Instructions for the task >> In the records below, find the line containing "Disneys Four Color", then print it and every following line exactly, through the last, without pictures.

Data supplied >>
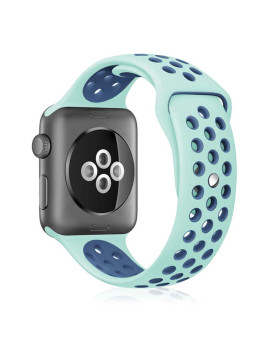 imagem grande de Bracelete Desportiva Silicone Para Apple Watch 42Mm / 44Mm S/M Verde água-marinha2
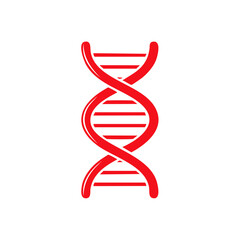 Vibrant red DNA double helix icon representing genetics science and life code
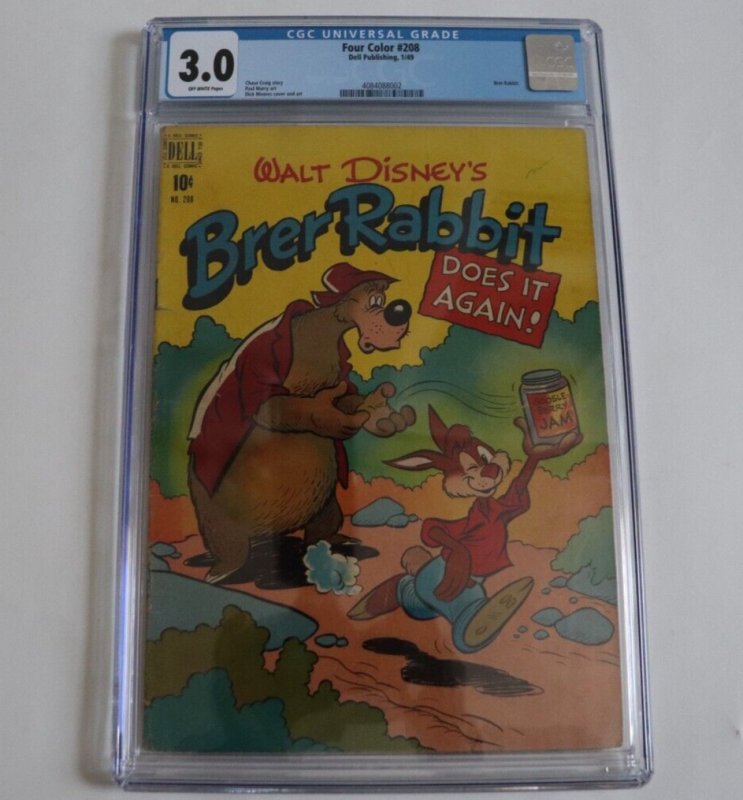 Disneys Four Color #208 Brer Rabbit CGC 3.0 1949 Dell Comics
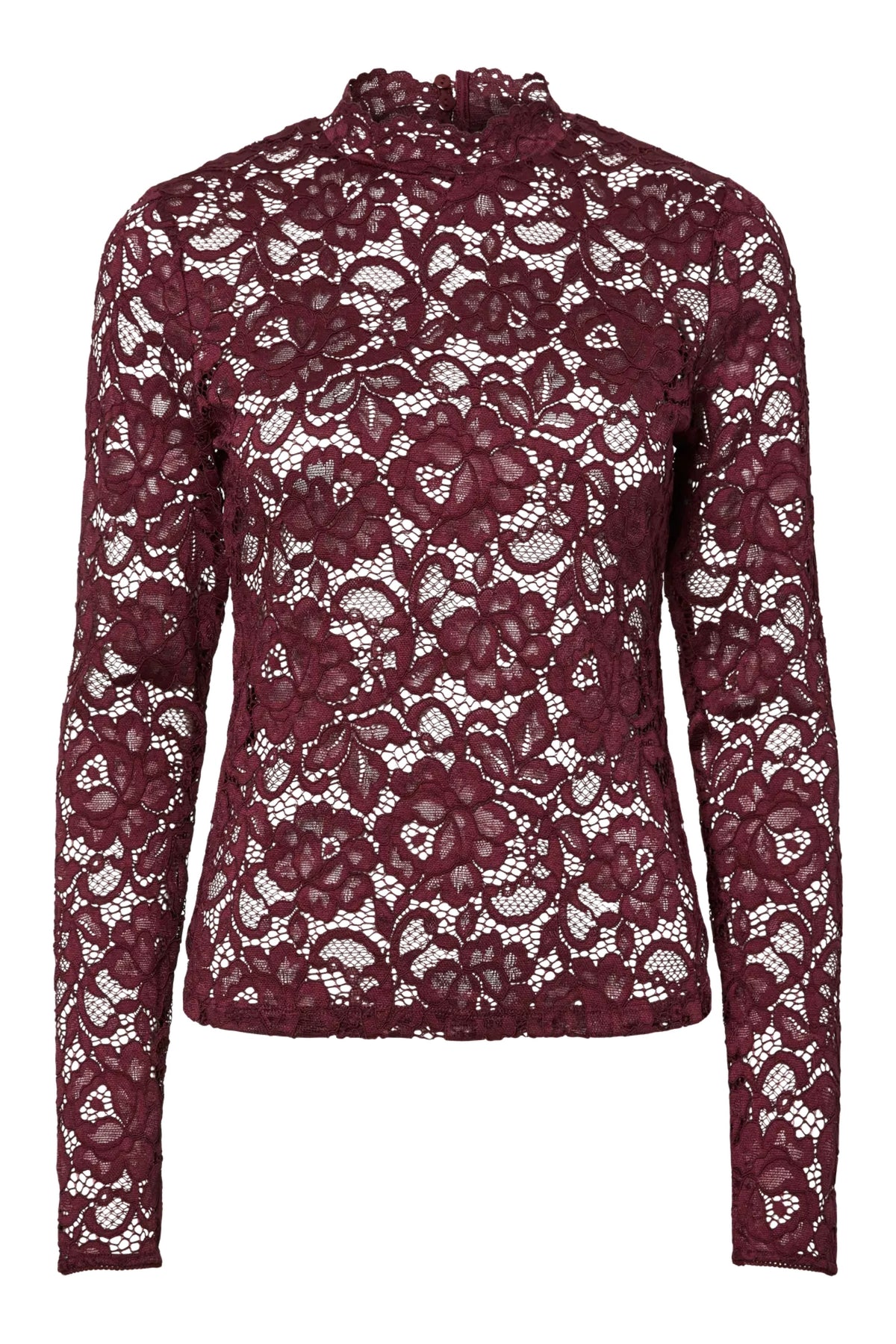 Yaslacey Ls Lace Top S - Port Royale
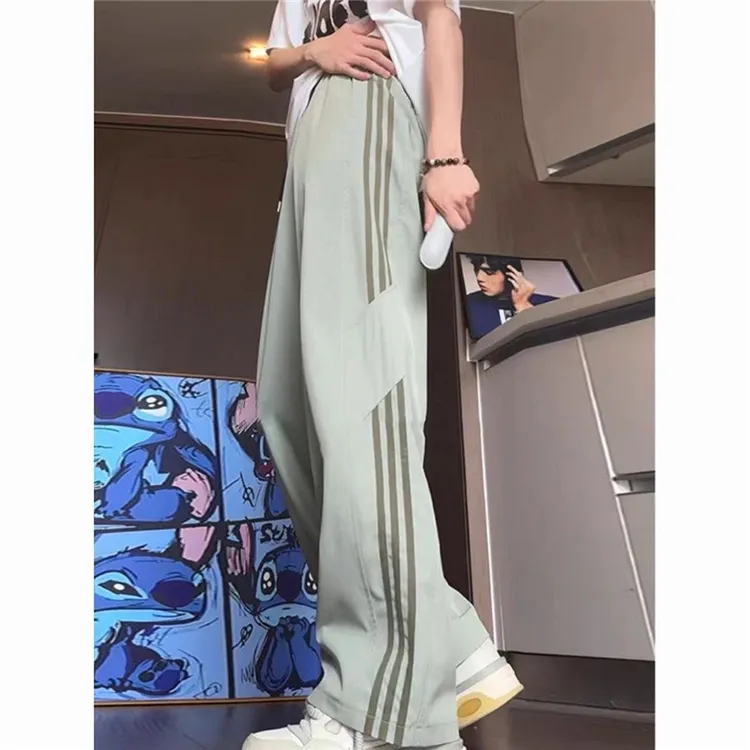 夏季冰丝速干运动休闲裤男日系高街薄款侧边条纹阔腿直筒宽松长裤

Finished exercise >>
 Disneys Four Color #208 Brer Rabbit CGC 3.0 1949 Dell Comics
 Yaslacey Ls Lace Top S - Port Royale
 夏季冰丝速干运动休闲裤男日系高街薄款侧边条纹阔腿直筒宽松长裤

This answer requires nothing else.